As I've said myself.. It's "potentially" and "if they make target clocks with the full 512 SPs."
I stand by the guesswork. A GTX 480 - assuming they can make clocks, and assuming all 512 shaders are working - will perform close to a 5970. Whether Nvidia can actually produce the cards is another matter.
Yes but what you're doing is providing a guess for the maximum theoretical performance and insinuating that will be its practical performance.
If this was how it worked, the 4870X2 would be faster than the GTX295 in everything, comparing raw theoretical GFLOPS performance.
The guesswork is a bit too sensationalist. Let me put it to you in another way:
"FERMI could be so fast that ATI will only be able to compete by releasing the 6870".

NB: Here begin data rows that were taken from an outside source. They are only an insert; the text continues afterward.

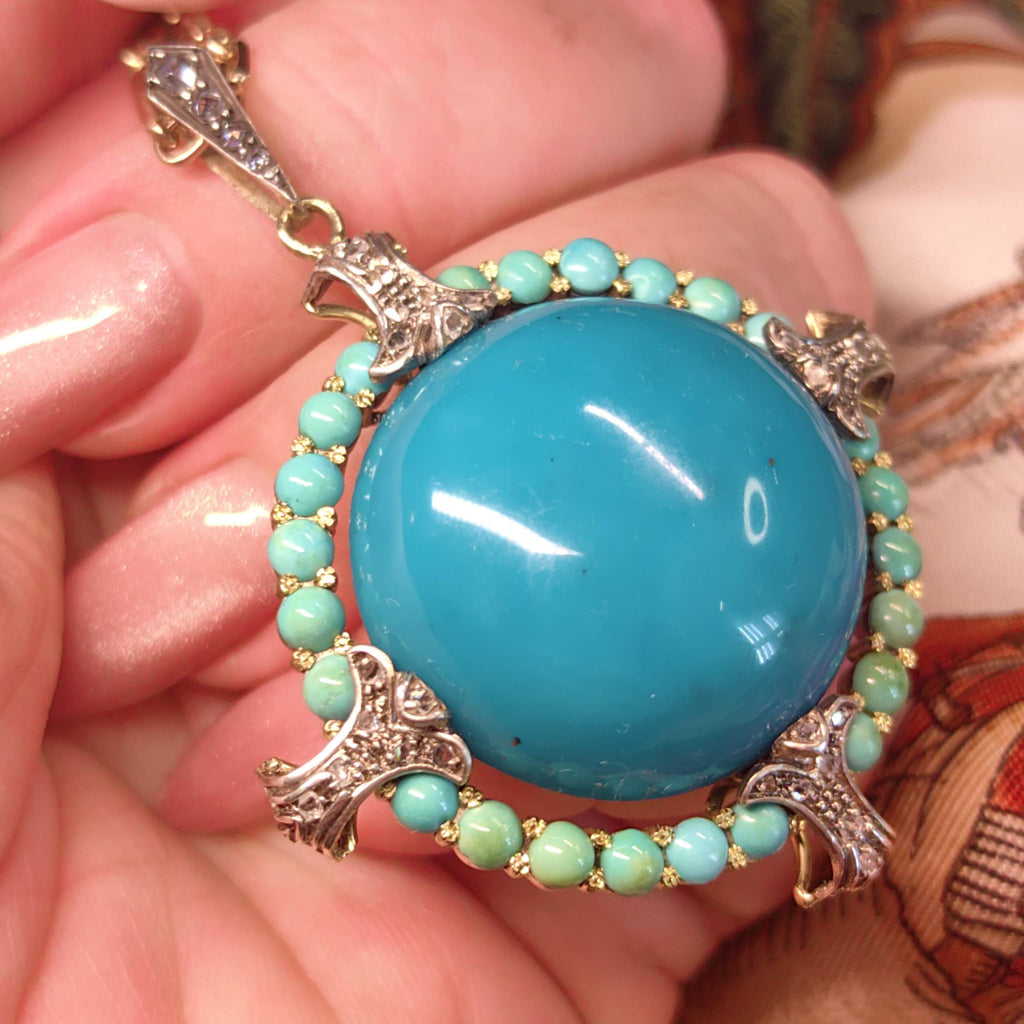 1930s Art Deco Natural Blue Turquoise Pendant 18k Solid Yellow Gold Rose Diamond Statement Pendant Charm Gift for Her Present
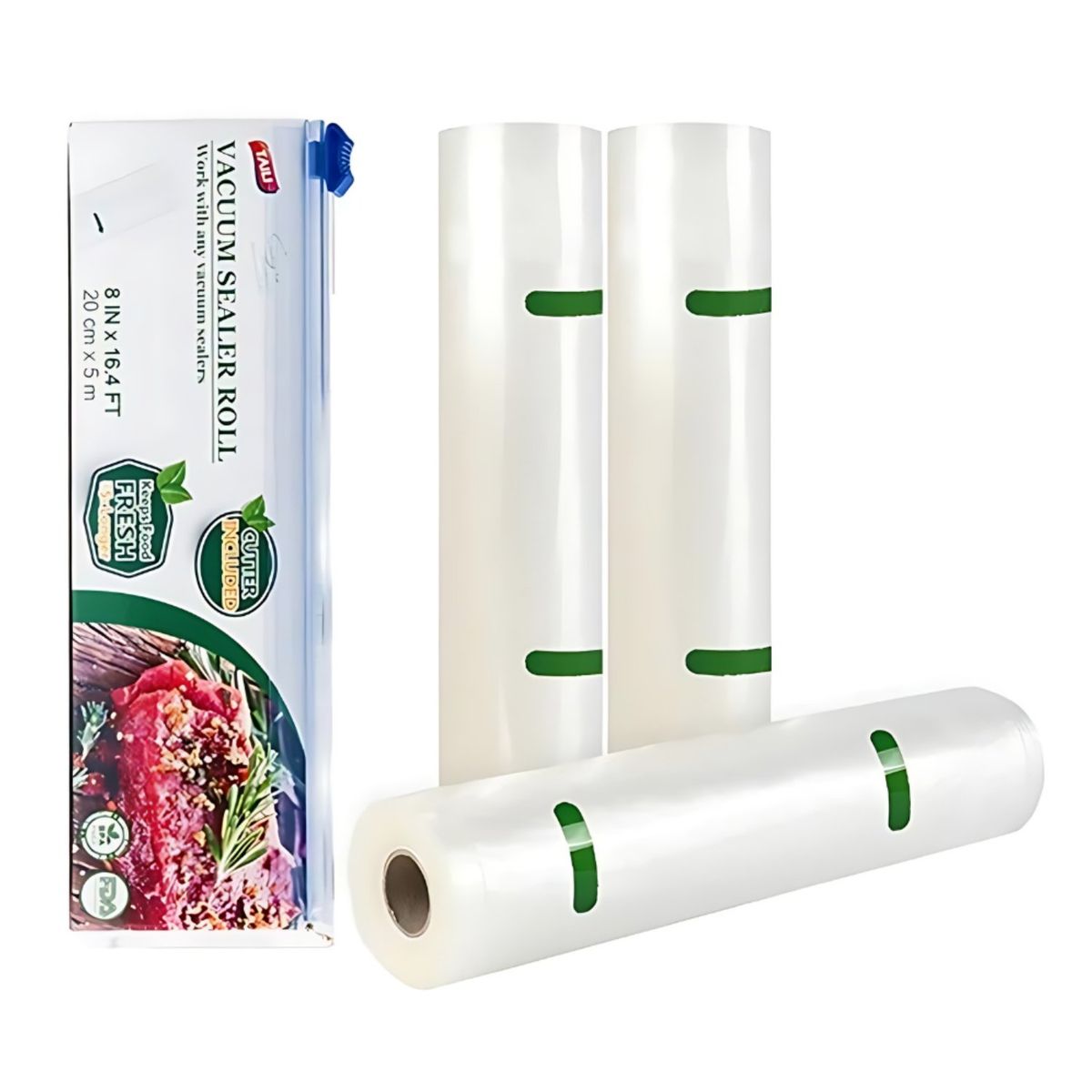 GENERICO - Bolsas gofradas en rollo para envasado vacío con cortador 20 cm x 5 m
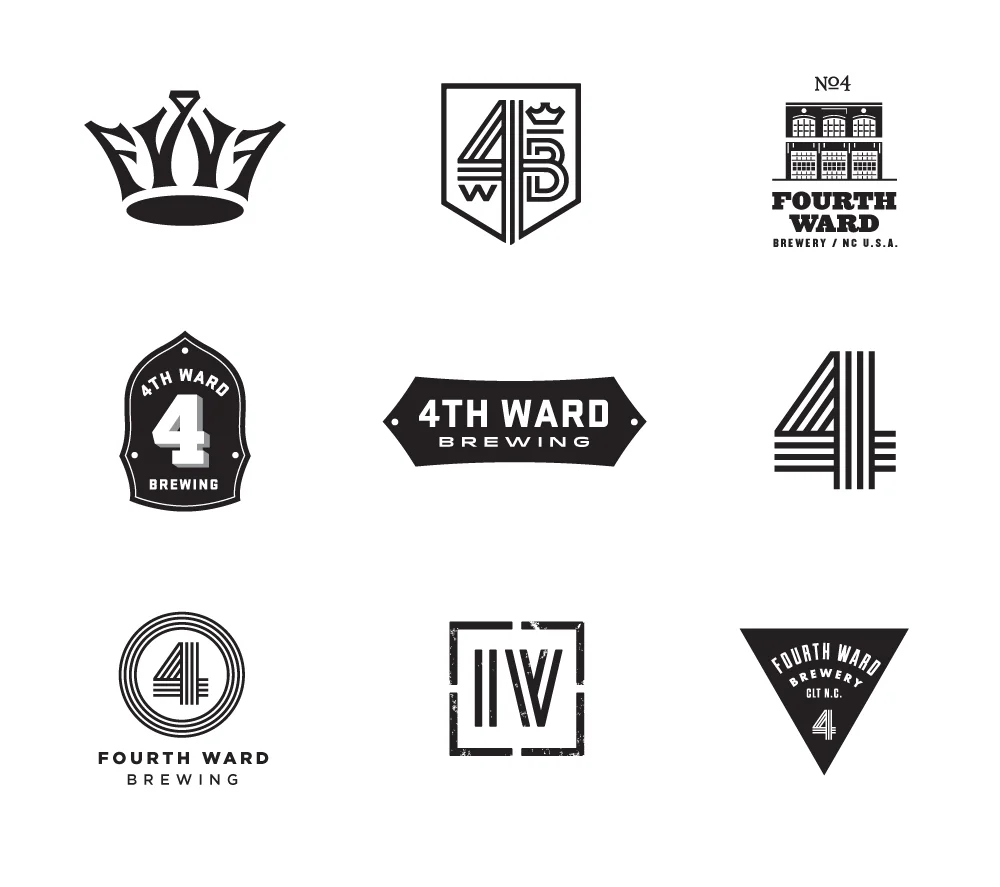 Early studies. Exploring regal symbols, nods to the four wards of Charlotte and inspired by the potential location of an historic fire station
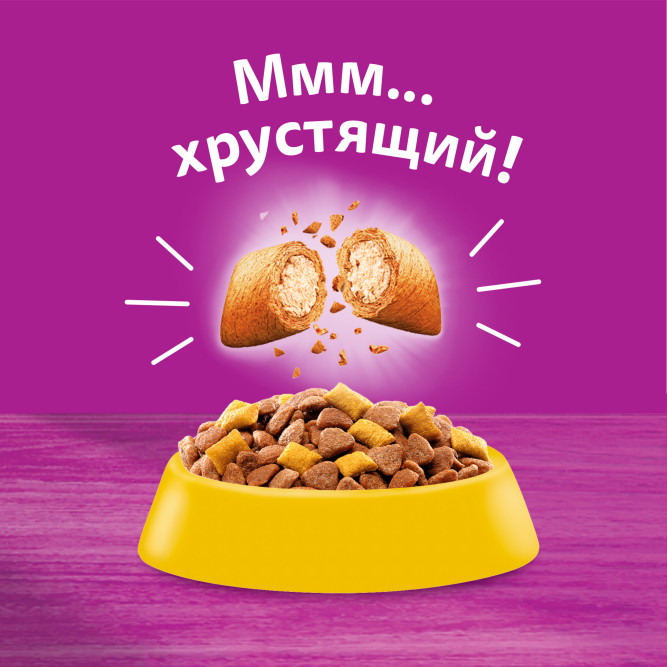 Whiskas Вкусные подушечки с нежным паштетом, сухой корм для взрослых кошек, Аппетитный обед с лососем - 5 кг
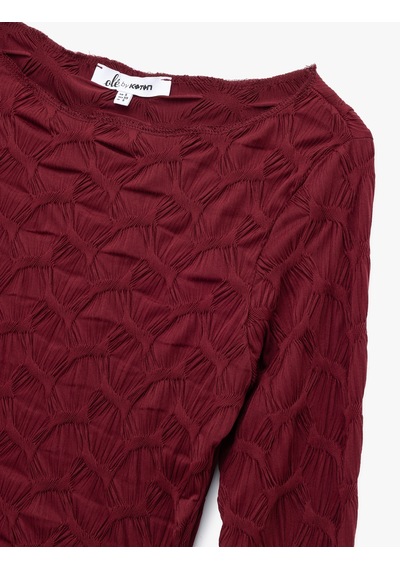 Koton Uzun Kollu Dokulu Kayık Yaka Slim Fit Crop Tişört Bordo 6wal10091ık Bordo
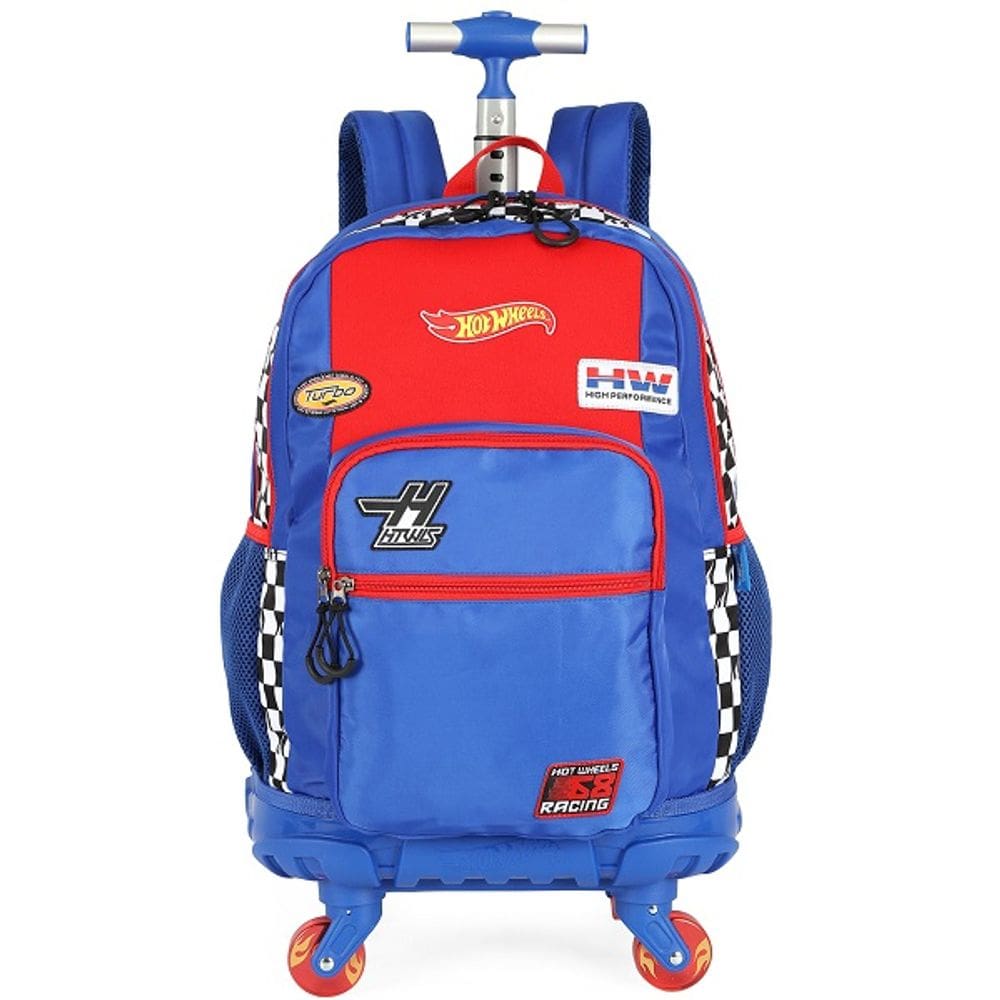 Mochila Escolar de Rodinhas 360 HOT Wheels Azul Luxcel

Now, even though ATI will be bringing out the "Northern Islands" GPUs later this year, FERMI was specced and finalised long before the 5800 GPUs were released. At this point Nvidia can only tweak clock speeds, or cut down the cores, they can't and haven't gone back to the drawing board with it. FERMI is set to run as fast as it was specced Q4'09, or slower.
Remember, FERMI is causing Nvidia problems. This points to two possible eventualities, either FERMI is very fast but very expensive and supply is very limited, or we will see a cut down version.
All true, of course. Bear in mind I wrote that little piece before the 5970 was released and before numbers were even available. It scaled just a tiny bit better than I was expecting, but still only beat the GTX 295 by 40% (IIRC) at 2560x1600, and about 30% at 1920x1200. If Fermi makes 512 SPs, that's 113% more shaders than a GTX 285, and we already know a pair of those in SLI beat a 295. It's still 7% more shaders than a GTX 295, and there *should* be no dual-gpu penalty attached. The conclusion I drew (and still draw) from all that?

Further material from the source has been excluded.